House Republican leaders were forced yesterday to scrap a pivotal vote on a border security bill aimed at coping with a surge of unaccompanied minors at the U.S.-Mexico border and unable to act on a problem that they have repeatedly described as a national crisis. President Obama will now not have the resources necessary to deal with the border crisis until mid-September at the earliest.

As late as yesterday morning, House Speaker John A. Boehner (R-OH) said they had enough votes to pass a stripped-down $659 million border bill aimed at funding federal agencies, speeding up deportations, and bolstering security along the U.S.-Mexico border.  The collapse of the border bill was a result of a revolt by Senator Ted Cruiz (R-TX), along with a dozen other House Republicans, that ruptured the fragile coalition supporting the measure, which ultimately forced Boehner to pull the bill in the face of certain defeat.

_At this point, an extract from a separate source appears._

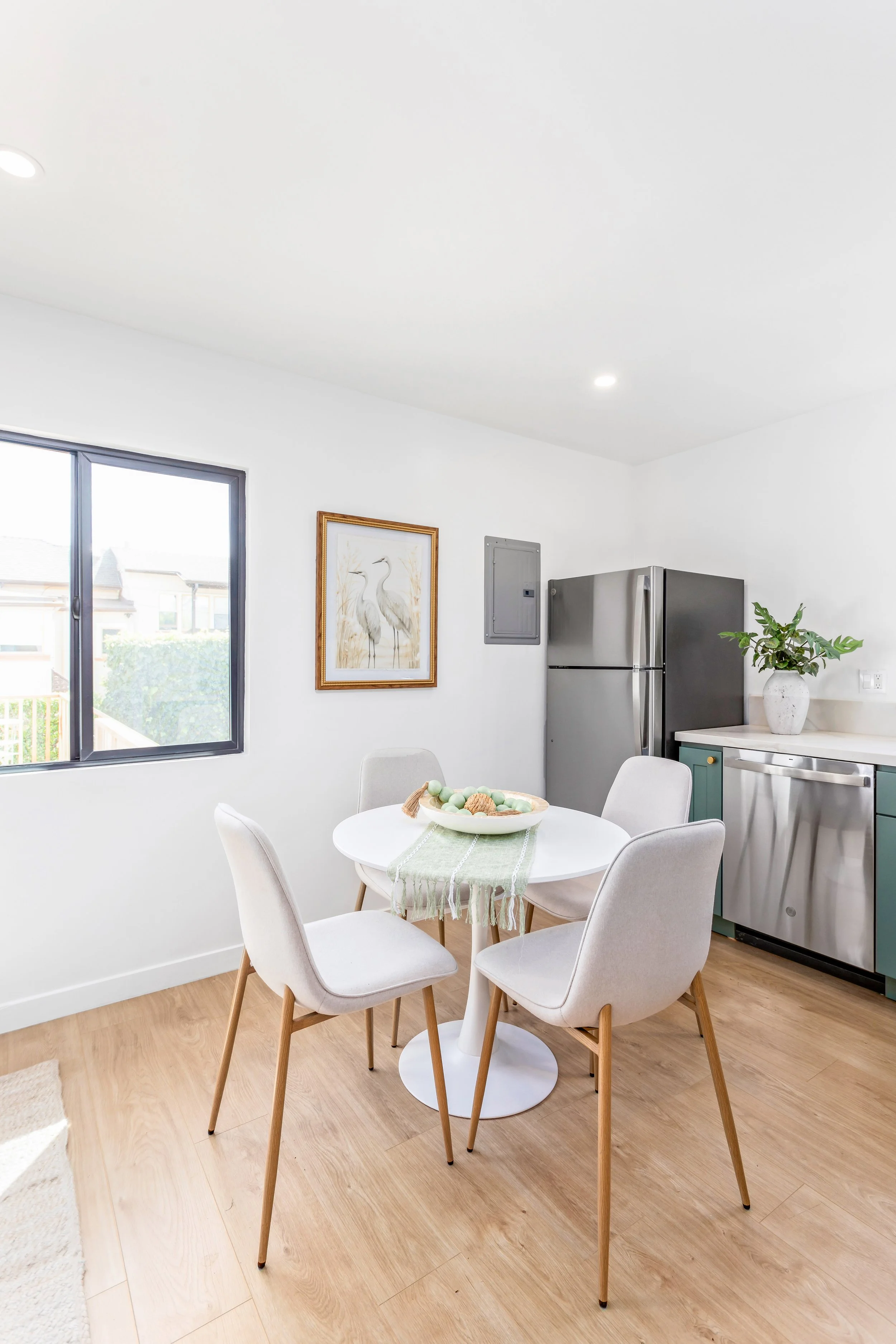 A bright dining area with a white round table, four beige chairs, a fruit bowl, and a window overlooking neighboring houses. Part of the kitchen with a refrigerator, a potted plant, and countertop is visible.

Cruz and other conservative House Republicans said the problem with Boehner’s bill was that it was ignoring the real issue.  The problem, in their eyes, was the president’s Deferred Action for Child Arrivals program, which is a product of a 2012 executive order that granted temporary relief for some children of illegal immigrants.  They wanted this program gutted, but Boehner would reportedly not touch it.

The Senate also failed to advance legislation to address the immigration crisis, unable to overcome a procedural hurdle and then left  town for a five-week summer recess and to begin preparing for the fall elections.

The only two significant measures approved by Congress as of yesterday were bills authorizing broad reforms at the Department of veterans Affairs and an nine-month-extension of federal highway-construction funding.